▸ Provided material:
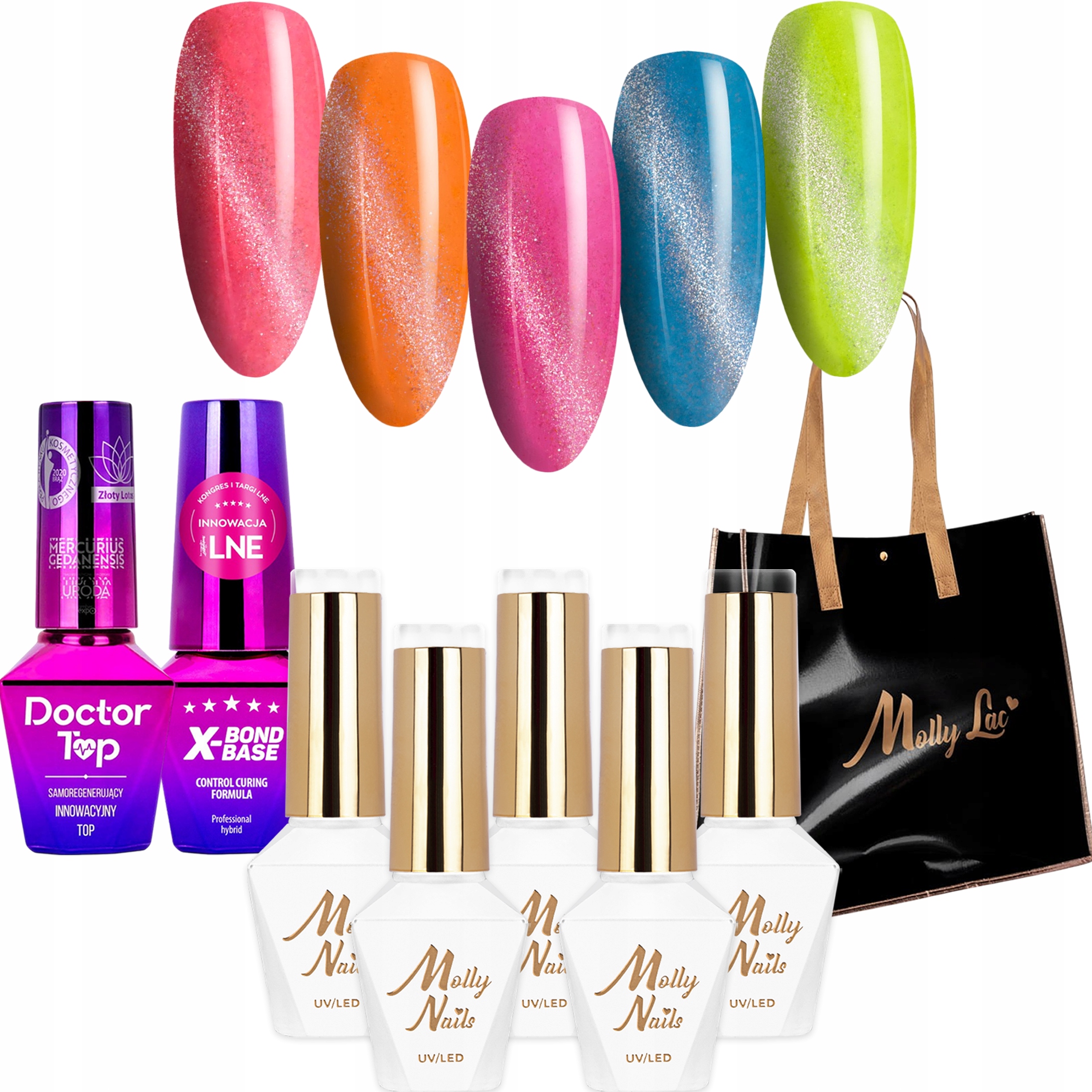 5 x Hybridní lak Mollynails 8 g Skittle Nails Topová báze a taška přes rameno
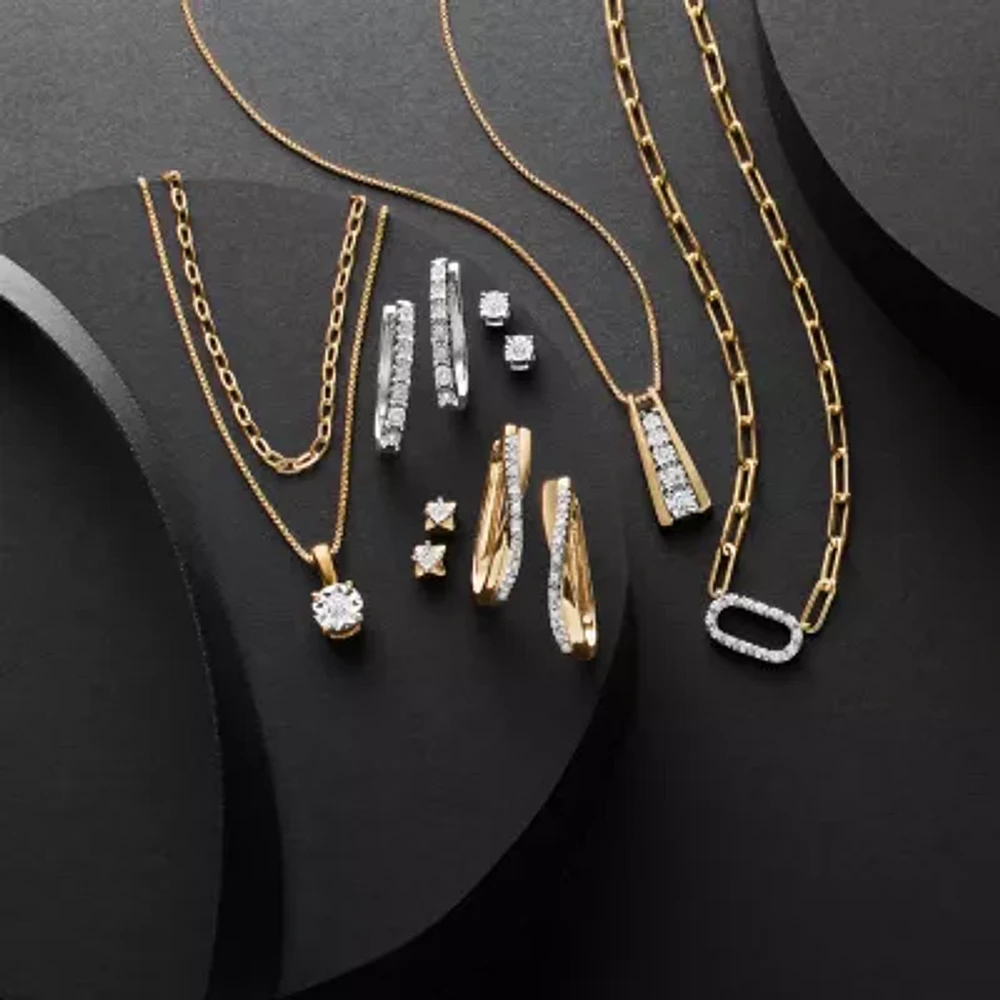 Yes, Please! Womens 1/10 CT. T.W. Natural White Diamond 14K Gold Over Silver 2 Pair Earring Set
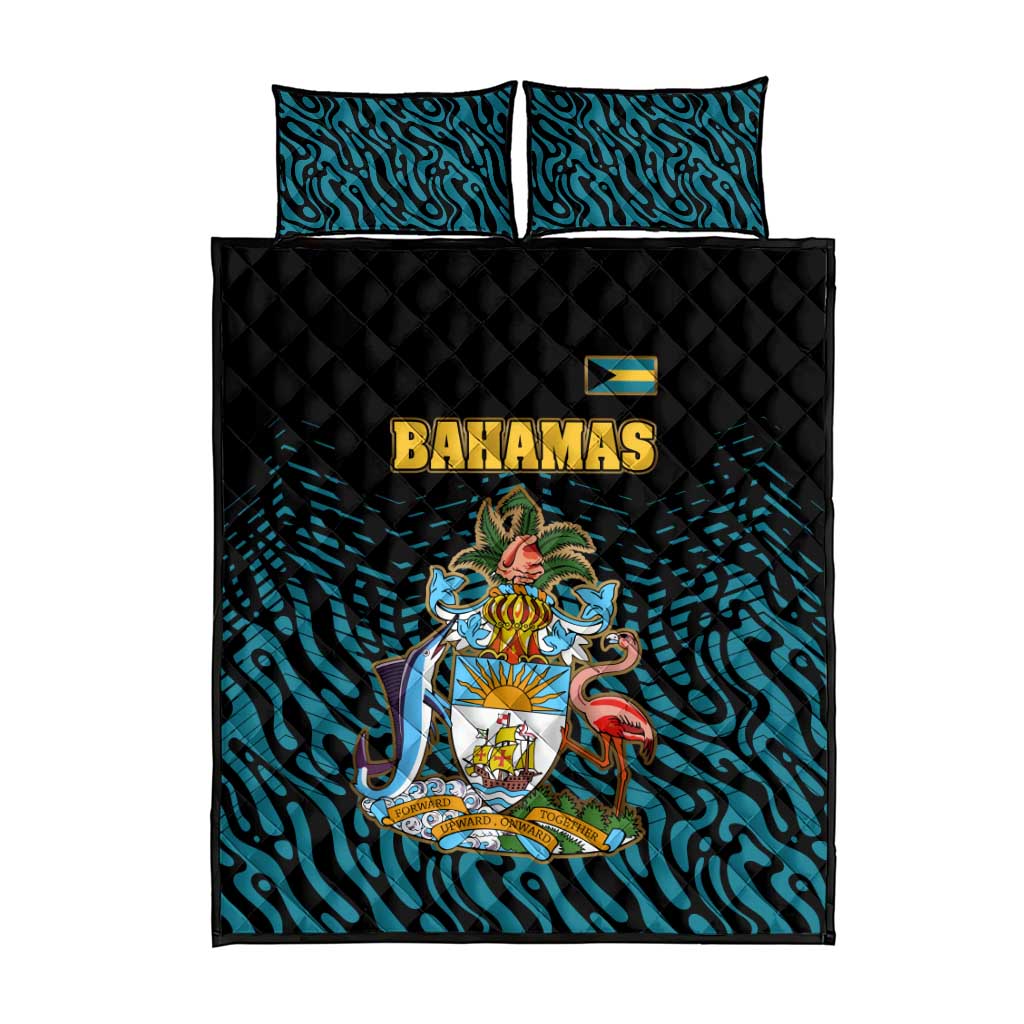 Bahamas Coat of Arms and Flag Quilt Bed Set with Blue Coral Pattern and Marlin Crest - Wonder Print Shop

▸ Problem details: Leave out the pictures, and write out exactly the lines from the one containing "Yes, Please! Womens" through the last line of the listing, both included.

▸ Expected output:
 Yes, Please! Womens 1/10 CT. T.W. Natural White Diamond 14K Gold Over Silver 2 Pair Earring Set
 Bahamas Coat of Arms and Flag Quilt Bed Set with Blue Coral Pattern and Marlin Crest - Wonder Print Shop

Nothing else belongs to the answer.